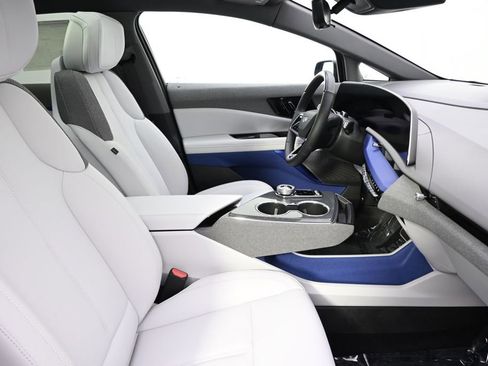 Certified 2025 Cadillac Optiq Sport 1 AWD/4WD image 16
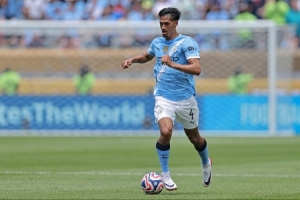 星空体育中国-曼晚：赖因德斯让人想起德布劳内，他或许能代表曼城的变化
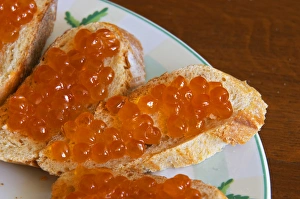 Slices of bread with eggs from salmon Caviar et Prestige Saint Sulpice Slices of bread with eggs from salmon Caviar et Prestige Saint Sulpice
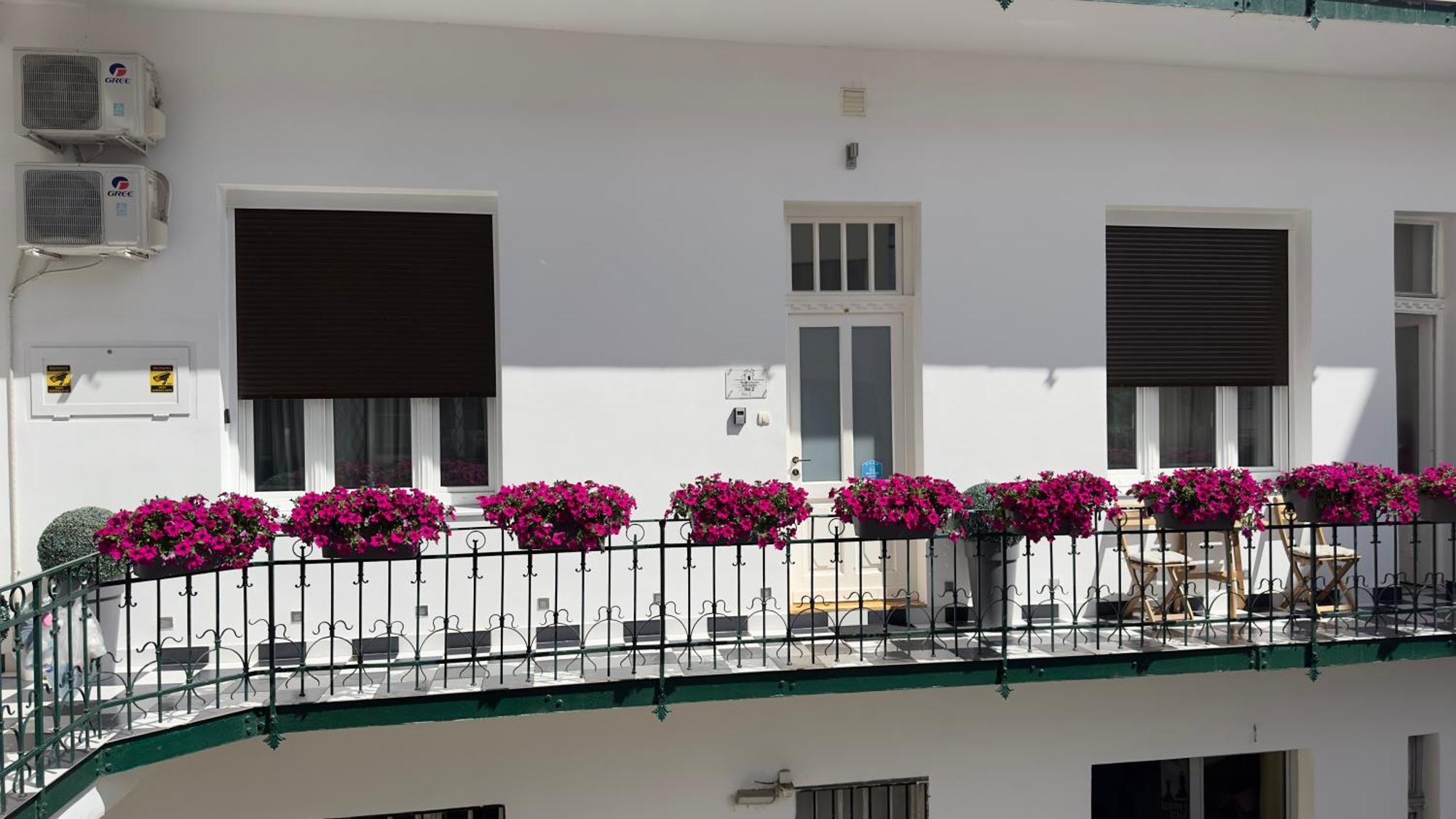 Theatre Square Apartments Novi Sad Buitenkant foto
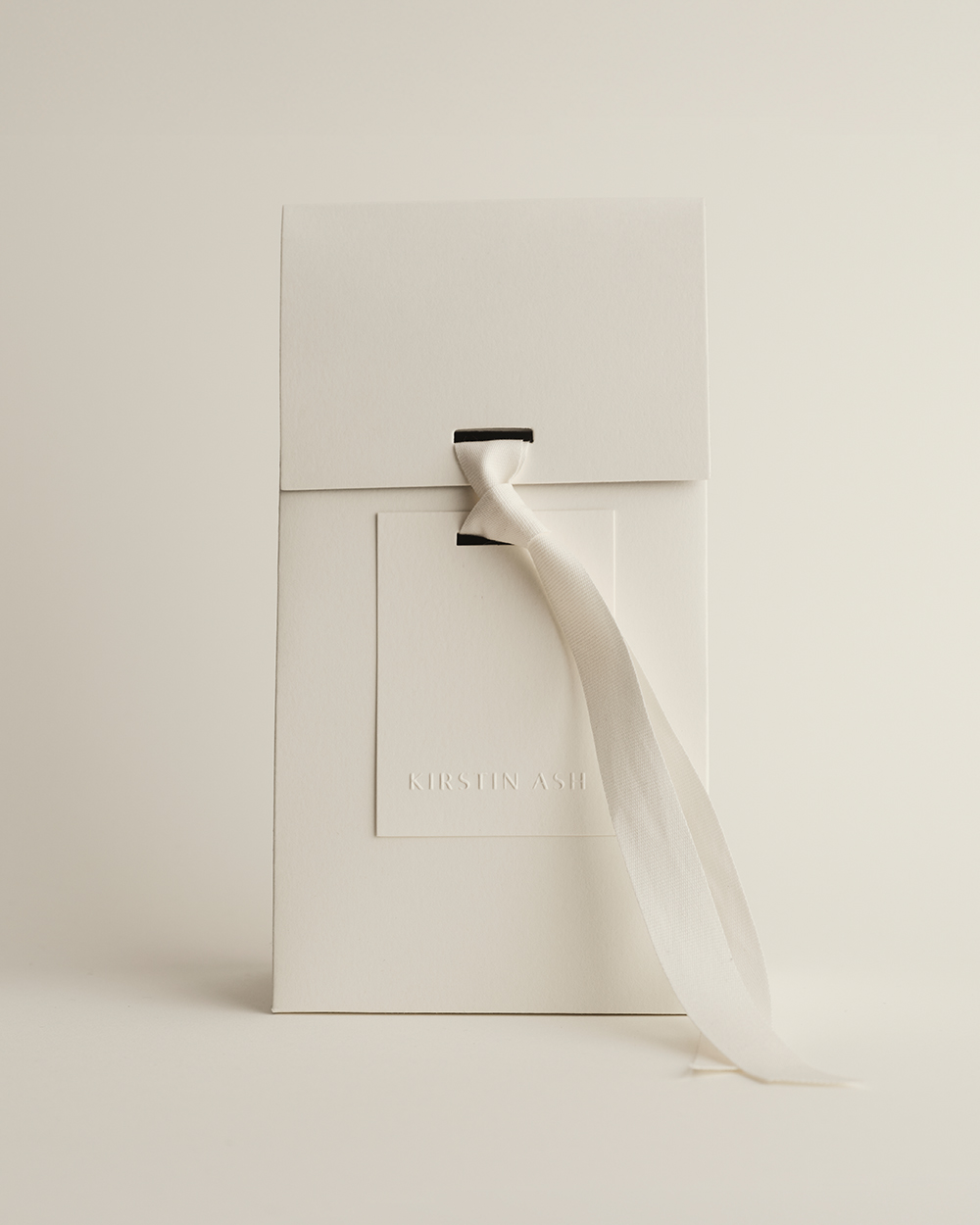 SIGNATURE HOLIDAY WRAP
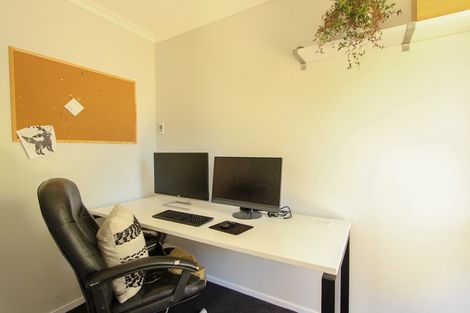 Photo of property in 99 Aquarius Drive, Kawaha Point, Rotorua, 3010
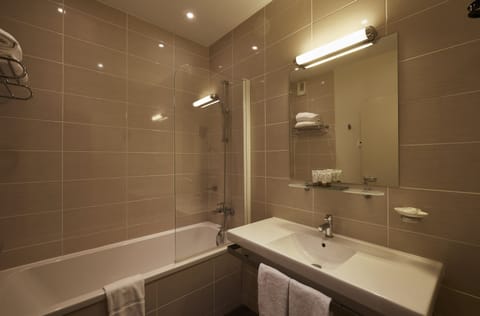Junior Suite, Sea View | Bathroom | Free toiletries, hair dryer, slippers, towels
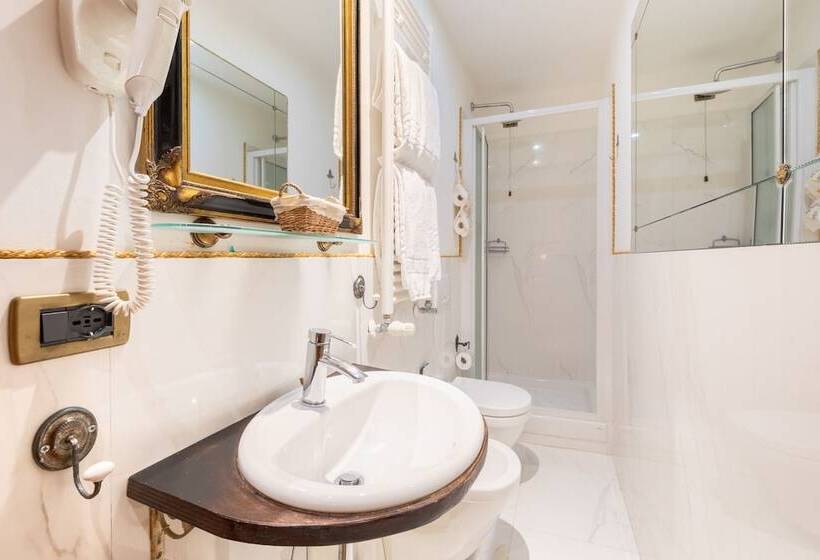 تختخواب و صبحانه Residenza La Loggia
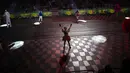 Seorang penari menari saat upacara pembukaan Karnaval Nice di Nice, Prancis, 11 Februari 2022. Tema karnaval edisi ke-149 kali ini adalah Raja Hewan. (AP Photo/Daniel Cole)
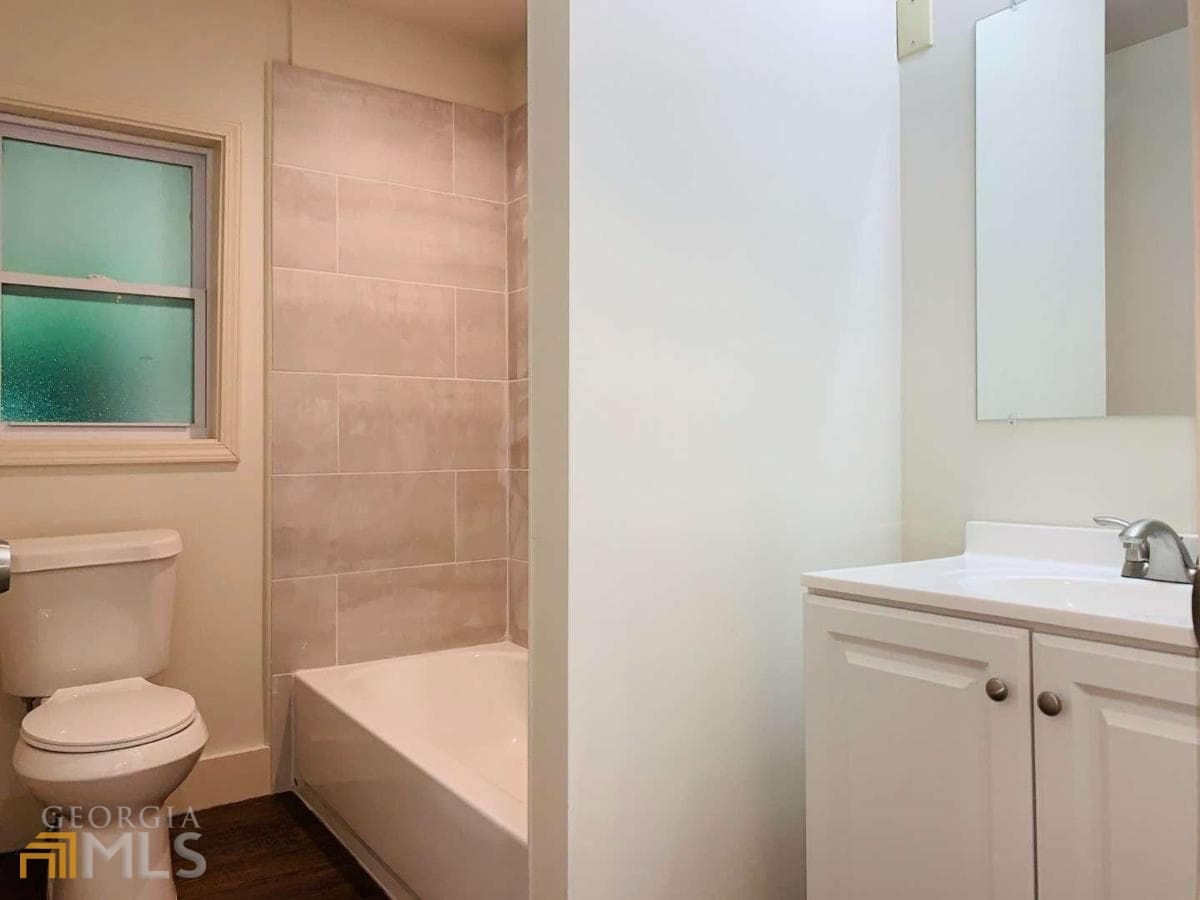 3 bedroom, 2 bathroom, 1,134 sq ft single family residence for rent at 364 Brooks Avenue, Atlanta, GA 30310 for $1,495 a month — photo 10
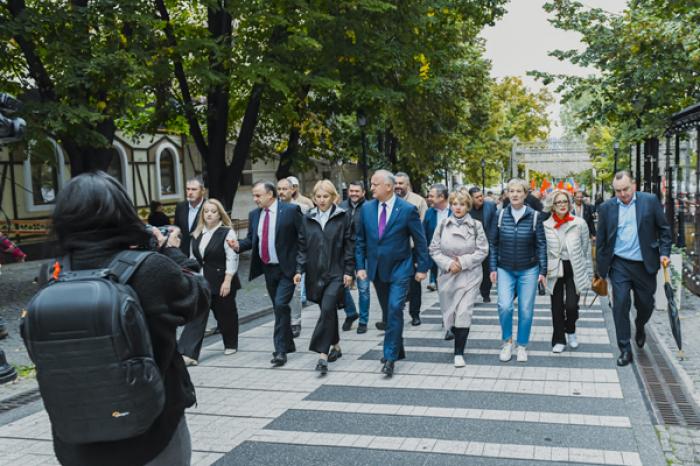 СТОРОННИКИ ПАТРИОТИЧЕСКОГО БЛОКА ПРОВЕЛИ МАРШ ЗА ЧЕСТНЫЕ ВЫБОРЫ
┄┄┄┄┄┄┄┄┄┄┄┄┄┄┄┄┄┄┄┄
Work to complete :: Leave the pictures out and reproduce every record above exactly.

Response for this exercise ::
 Certified 2025 Cadillac Optiq Sport 1 AWD/4WD image 16
 星空体育中国-曼晚：赖因德斯让人想起德布劳内，他或许能代表曼城的变化
 Slices of bread with eggs from salmon Caviar et Prestige Saint Sulpice Slices of bread with eggs from salmon Caviar et Prestige Saint Sulpice
 Theatre Square Apartments Novi Sad Buitenkant foto
 SIGNATURE HOLIDAY WRAP
 Photo of property in 99 Aquarius Drive, Kawaha Point, Rotorua, 3010
Junior Suite, Sea View | Bathroom | Free toiletries, hair dryer, slippers, towels
 تختخواب و صبحانه Residenza La Loggia
 Seorang penari menari saat upacara pembukaan Karnaval Nice di Nice, Prancis, 11 Februari 2022. Tema karnaval edisi ke-149 kali ini adalah Raja Hewan. (AP Photo/Daniel Cole)
 3 bedroom, 2 bathroom, 1,134 sq ft single family residence for rent at 364 Brooks Avenue, Atlanta, GA 30310 for $1,495 a month — photo 10
 СТОРОННИКИ ПАТРИОТИЧЕСКОГО БЛОКА ПРОВЕЛИ МАРШ ЗА ЧЕСТНЫЕ ВЫБОРЫ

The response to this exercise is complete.